WEST MIAMI-DADE, FLA. (WSVN) - Congress members from Florida added their voices to the rising chorus of calls for justice in Cuba as an agonizing anniversary of a deadly plane shootdown approaches.

Next Tuesday, Feb. 24, marks 30 years since Cuban military fighter jets shot down two, unarmed small planes in the Florida Straits, killing three American citizens and one legal U.S. resident.

“Those four individuals were murdered in cold blood,” said U.S. Rep. Díaz-Balart, R-Fla.

Those on board were working with Brothers to the Rescue, an organization flying humanitarian missions, looking for Cuban rafters fleeing the island for a chance at freedom.

None of the four men’s bodies were ever recovered.

“And now we’re talking about 30 years of zero accountability.
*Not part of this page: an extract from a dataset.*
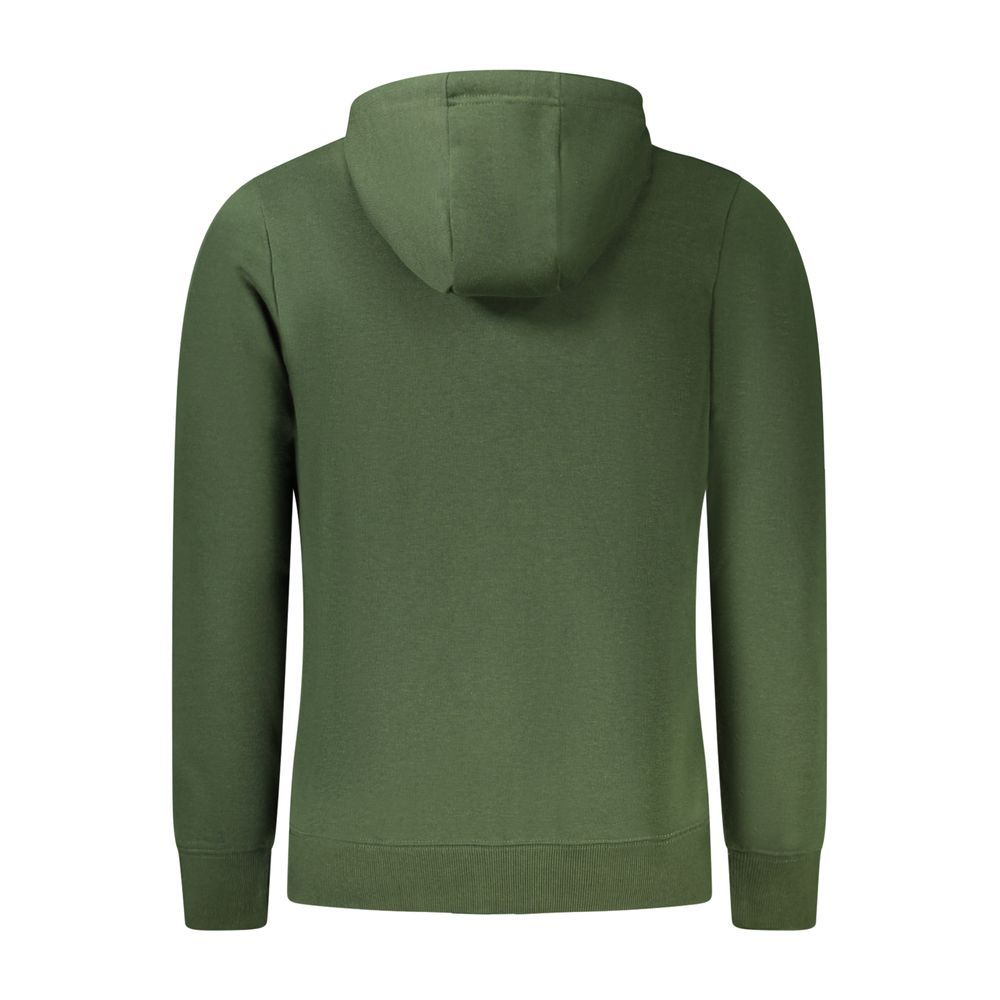 Verde Cotton Mens Men's Hoodie - Norway 1963 - Modalova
That has to end,” said Díaz-Balart.

As the anniversary inches closer, three South Florida members of Congress are calling for the Trump administration to indict former Cuban leader Raúl Castro, saying he’s the one who gave the order.

“The person who gave the order in a premediated fashion to murder these four individuals in cold blood, 30 years ago from next Tuesday, should be indicted for murder,” said Díaz-Balart.

“Yeah, it was 30 years ago, but there is no statute of limitations, said U.S. Rep. Carlos Giménez, R-Fla.

Standing alongside family members of the victims in Hialeah Gardens on Thursday morning, Díaz-Balart, Giménez and U.S. Rep. María Elvira Salazar echoed loved ones’ calls for justice seen in a letter sent to the President Donald Trump: It reads in part:

“We respectfully request the Department of Justice consider indicting Raúl Castro, who is responsible for the cold-blooded murders…”

The parents of victim Mario de la Peña, Mario and Miriam, agree with the lawmakers.

“Yes, [Raúl Castro] is a criminal — he should be indicted,” said de la Peña’s father.

“I would like to see anybody who commits such a crime indicted and serve prison for murder,” said Miriam.

Their push Thursday also coming as news publication Axios reports that Secretary of State Marco Rubio is holding secret talks with Castro’s grandson.

Seen as a newer generation, Raul Guillermo Rodriguez Castro could help transition the island nation away from communist control and toward a more U.S. friendly position, according to the report.

“You have a 41-year-old who’s the favorite grandson who used to be the head of his security apparatus, who wants to live and consume as if he were to be in Miami,” said Salazar.

While the context of the supposed secret talks is unclear, Díaz-Balart, Giménez and Salazar expressed their support.

“If there is one person that I would want to talk to the regime, it’s Marco Rubio,” said Giménez. “President Trump is the right person leading it and the right person to negotiate it is Sec. of State Marco Rubio.”

“We are with them, and the Trump administration and Marco Rubio is at the helm,” said Salazar.

“We’re very confident that the days of that regime are numbered,” said Díaz-Balart.

Even as the three Miami lawmakers have deemed the Castro regime as illegitimate, they say this recent reports of talks is a positive step.

“Are there things that have to be negotiated? Yes, alright. They do. You have to be pragmatic about it, but that step has to be taken. We have to begin that journey even though we know there is going to be bumps along the way,” said Giménez.

Experts, however, point to recent action in Venezuela which saw Maduro deposed but his regime largely stayed in place and wonder if a similiar tactic will take place in Cuba, allowing the Cubans who lawmakers have called killers and terrorists, to face essentially no accountability.

Díaz-Balart says that may not be the case.

“The law in the United States, as the Secretary of State says, requires regime change for normalization,” said Díaz-Balart.

As for why they’d never sent the letter before, the lawmakers said that there is now political willingness that they didn’t feel they had in past years.